My New Home. Molesworth Mrs.
these children are coming here really to learn French. So you must not think about playing with them just at first, that must be as their mother likes.'
Grandmamma did not say what she felt in her own mind – that she would not wish to seem to try to make acquaintance with the Nestors, who were very rich and important people, through giving lessons to their children. For she was proud in a right way – no, I won't call it proud – I think dignified is a better word.
But Mrs. Nestor was too nice herself not to see at once the sort of person grandmamma was. She was almost too delicate in her feelings, for she was so afraid of seeming to be in the least condescending or patronising to us, that she kept back from showing us as much kindness as she would have liked to do. So it never came about that we grew very intimate with the family at Moor Court – that was the name of their home – I really saw more of the three girls at our own little cottage than in their own grand house.

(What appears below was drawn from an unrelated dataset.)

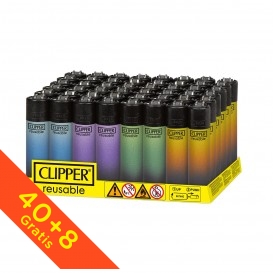 ENCENDEDOR CLIPPER METALLIC BLACK TRIPLE GRADIENT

But as I go on with my story you will see that there was a reason for my telling about them, and about how we came to know them, rather particularly.

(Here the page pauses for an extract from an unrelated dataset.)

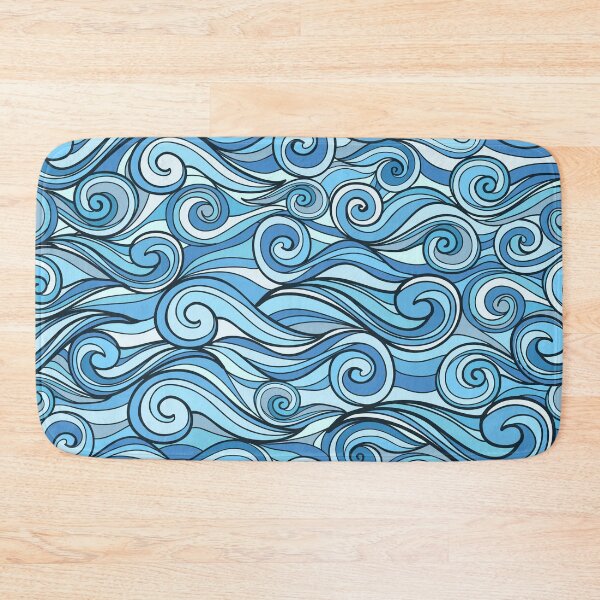 Item preview, Blue Ocean Waves Pattern designed and sold by Vector Scout Lab.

The French lessons began the next week. Sharley and her sisters used to come together, sometimes walking with a maid, sometimes driving over in a little pony-cart – not the beautiful carriage with the two ponies; that was their mother's – but what is called a governess-cart, in which they drove a fat old fellow called Bunch, too fat and lazy to be up to much mischief. When they drove over they brought a young groom with them, but their governess very seldom came. I think Mrs. Nestor thought it would be pleasanter for granny to give the lessons without a grown-up person being there, and Sharley said their governess used that time to give the two boys Latin lessons. Mrs. Nestor would have been very glad if grandmamma would have agreed to teach Pert and Quick French too, but granny did not think she could spare time for it, though a year or two later when Percival had gone to school she did let Quick join what we called the second class.
I should have explained that though I could not read or write French at all well, I could speak it rather nicely, as grandmamma had taken great pains to accustom me to do so since I was quite little.
I think she had a feeling that I might have to be a governess or something of the kind when I was grown-up, and that made her very anxious about my lessons from the beginning of them. And though things have turned out quite differently from that, I have always been very glad that I was well taught from the first. It is such a comfort to me now that I am really growing big to be able to show grandmamma that I am not far back for my age compared with other girls.
Sharley was the first class all by herself, and Nan and Vallie were the second. I did not do any lessons with them, but after each class had had half an hour's teaching we had conversation for another half hour, and when the conversation time began I was always sent for. Grandmamma had asked Mrs. Nestor if she would like that, and Mrs. Nestor was very pleased.
We had great fun at the 'conversation.' You can scarcely believe what comical things the little girls said when they first began to try to talk. Grandmamma sometimes laughed till the tears came into her eyes – I do love to see her laugh – and I laughed too, partly, I think, because she did, for the funny things they said did not seem quite so funny to me, of course, as to a big person.